Texas Tall Tale?: VA Lays To Rest Religious Right Distortions About Cemetery Censorship

What's really going on at the Houston National Cemetery?

Religious Right activists love to spread tales of outrage about alleged attempts by government officials to censor religion. These stories are great for fund-raising and stirring up the faithful, but over the years I’ve learned to be skeptical of them.

Consider a case under way in Houston. According to the Religious Right, an official with the Department of Veterans Affairs named Arleen Ocasio has ordered volunteers with an organization called the National Memorial Ladies to stop saying “God bless you” to families at funerals and sending them religious sympathy cards. Furthermore, Ocasio is accused of closing a chapel at the Houston National Cemetery and even stripping it of Christian material.

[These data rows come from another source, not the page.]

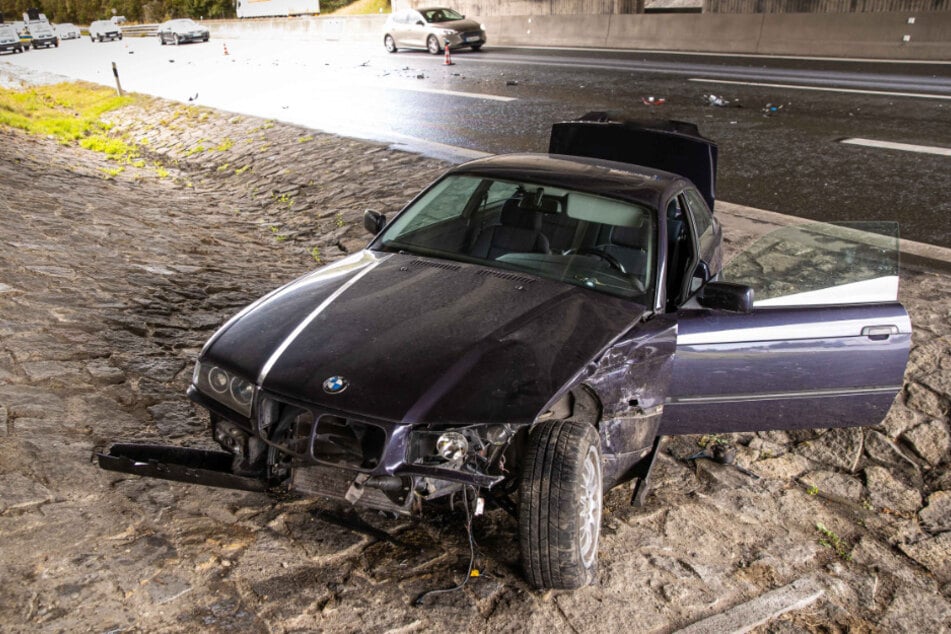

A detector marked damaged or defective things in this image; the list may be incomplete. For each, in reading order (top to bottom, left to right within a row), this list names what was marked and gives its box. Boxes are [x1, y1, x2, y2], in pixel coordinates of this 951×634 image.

shattered windshield [376, 172, 660, 302]
shattered windshield [728, 221, 900, 304]
broken headlight [193, 358, 256, 418]
crumpled hood [204, 252, 644, 424]
crashed bmw sedan [100, 116, 912, 592]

The Liberty Institute, a Texas-based Religious Right outfit, has filed a lawsuit. Local veterans have held rallies to express their outrage. Emotions are running high, and some are calling for Ocasio to be fired.

That’s the Religious Right’s version of events. What’s really going on?

As our friends at the Baptist Joint Committee for Religious Liberty (BJC) noted recently, the VA has issued a 21-page legal reply to these charges. As the BJC put it, the reply “emphasizes VA policy that all burial ceremonies are to respect the family’s wishes with respect to the inclusion or exclusion of religious text. Volunteers are trained not to insert their own religious beliefs in lieu of the family’s request.”

Here are some highlights from the legal filing:

* The VA’s guidelines “seek to ensure that the religious preferences, if any, of families of deceased Veterans are fully respected, and they specifically say that the honor guards may read scripture or a brief prayer if the family makes such a request to the honor guard team and the family does not provide its own clergy….”

* Guidelines “reflect that committal services are private in nature and VA volunteer honor guards must respect the wishes and religious preferences of the families of deceased Veterans. If a family decides that it only wants to have clergy provide the service, which includes a reading of scripture and prayer, the family’s preference should be respected.”

* Specifically at the Houston National Cemetery, guidelines permit the use of “religious recitations at private committal services if the family of a deceased Veteran so chooses. Defendants believe that it should be the family’s choice and decision what to have read in accordance with their faith tradition, if any, because it would be improper for others to impose their own religious preferences on a Veteran’s family, especially during this meaningful event.”

Jason Torpy, president of the Military Association of Atheists and Freethinkers, took some time recently to look into this matter. Jason made a few phone calls and learned some facts that have been conveniently omitted from the Religious Right’s version of events. Mainly, that families have the right to have whatever kind of religious or non-religious service they want for their fallen loved ones. It’s up to the families to request religious content for memorial services.

Torpy, a former Army captain, also notes that the members of the National Memorial Ladies are volunteers. As such, they have no right to officiate at services or use them to promote their religious beliefs. As Torpy points out, some of the families who received religious sympathy cards or heard religious language might not have wanted that.

What about the claims that Ocasio closed the chapel?

The VA legal document responds to that as well. The answer turns out to be just a bit mundane: The chapel was open until September 2010, at which point “the Cemetery began a major construction project on the premises that involved the renovation of several buildings and the construction of new buildings. Due to the construction project, the chapel was closed because of fumes and noise.” Even after it was closed for construction, “arrangements were made to allow the chapel to reopen on July 5, 2011, and to remain open for use as a non-denominational place of prayer and contemplation, and as a location in which to hold committal services.”

Finally, the chapel was not stripped of Christian symbols. Christian and Jewish symbols are kept in storage there and are brought out when appropriate. They are not permanently displayed. This is an inter-faith chapel, after all.

The military includes men and women of many different faiths, as well as some people who have no specific beliefs. We honor the service of fallen service personnel by respecting the wishes of their loved ones. We do not respect fallen warriors by assuming that a grieving family wants religious language or religiously themed condolences when they may not.

There’s a lesson we can learn from this: Don’t believe everything you read – especially if the source is a Religious Right group.